:: The task ::
Pictures excluded, reproduce exactly the lines below from the one with "Osteoporosis medical poster" through the one with "<p>using a computerized", both included.

:: Records provided ::
%%
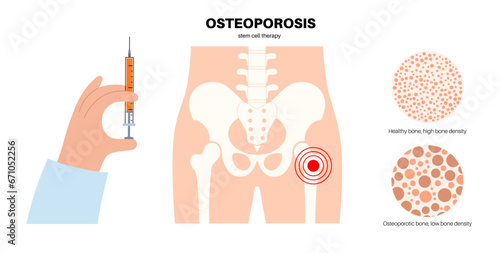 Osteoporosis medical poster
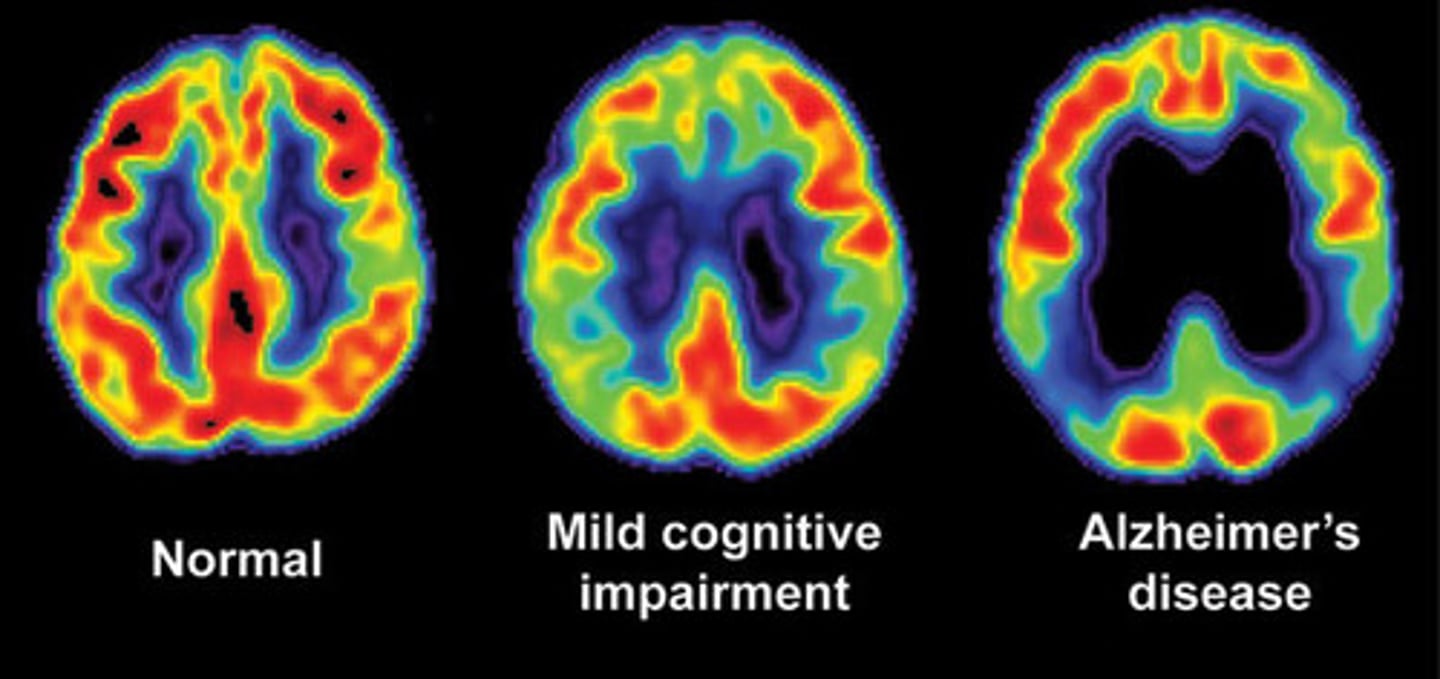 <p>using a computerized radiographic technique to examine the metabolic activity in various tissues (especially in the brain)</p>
%%
%%
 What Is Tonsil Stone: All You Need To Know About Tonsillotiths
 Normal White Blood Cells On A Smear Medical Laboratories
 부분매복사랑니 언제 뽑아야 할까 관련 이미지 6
%%
%%
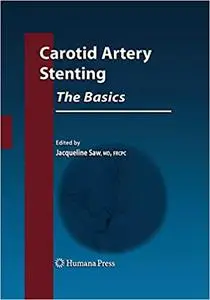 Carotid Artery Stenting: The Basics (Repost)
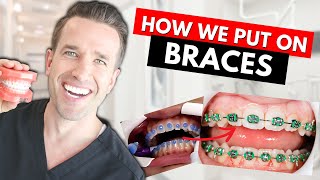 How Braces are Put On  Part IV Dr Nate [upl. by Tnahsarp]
%%
:: Answer to the exercise ::
 Osteoporosis medical poster
 <p>using a computerized radiographic technique to examine the metabolic activity in various tissues (especially in the brain)</p>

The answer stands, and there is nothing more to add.